WORK REQUEST: Nothing in the copy should be a picture; everything else in the listing is to be restated exactly.

SUPPLIED INFORMATION:
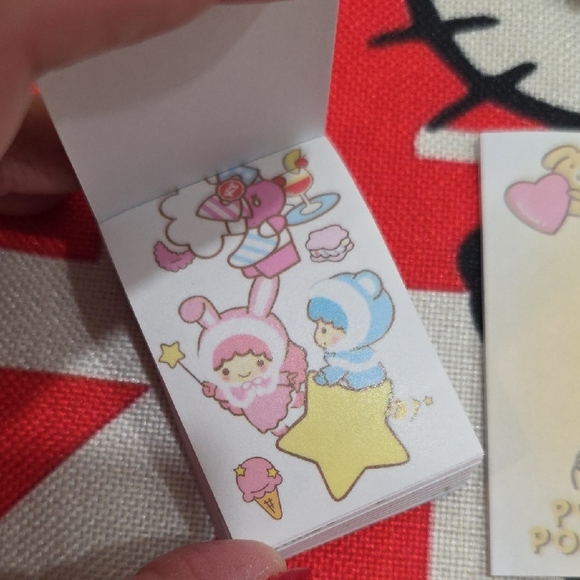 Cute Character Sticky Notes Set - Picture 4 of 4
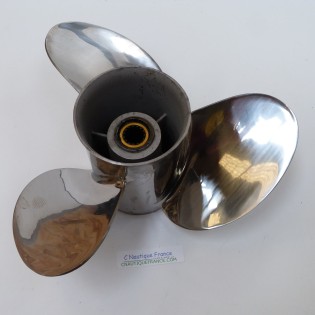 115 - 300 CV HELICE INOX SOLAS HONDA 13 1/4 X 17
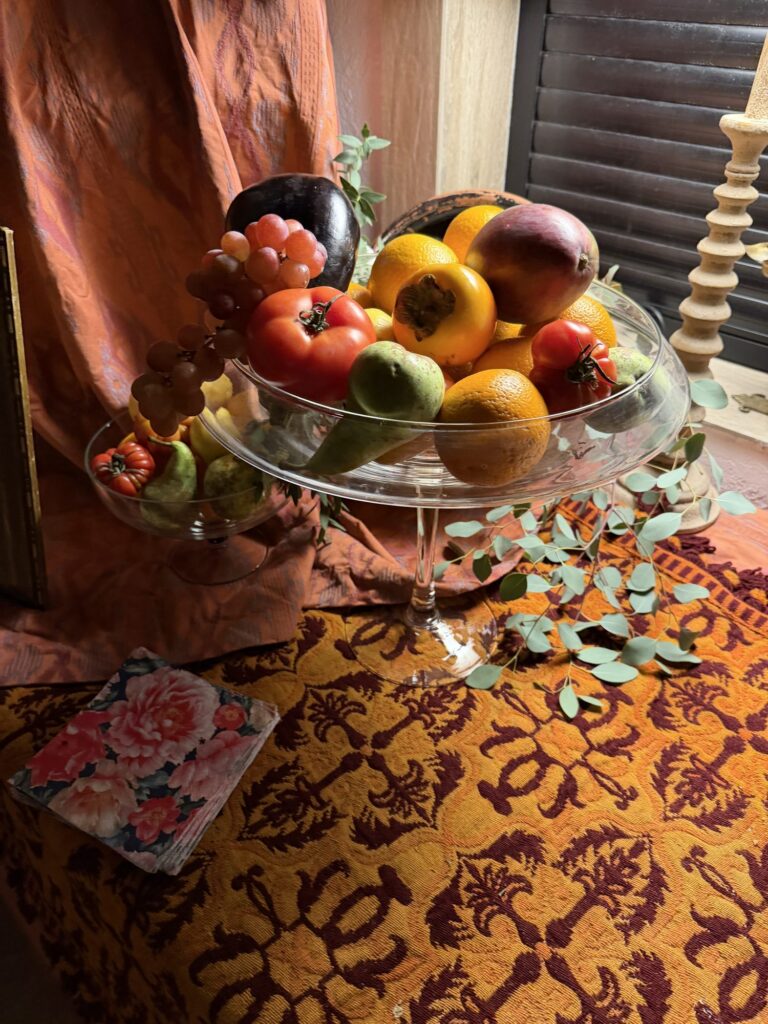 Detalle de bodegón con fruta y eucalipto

OUTPUT BELOW:
 Cute Character Sticky Notes Set - Picture 4 of 4
 115 - 300 CV HELICE INOX SOLAS HONDA 13 1/4 X 17
 Detalle de bodegón con fruta y eucalipto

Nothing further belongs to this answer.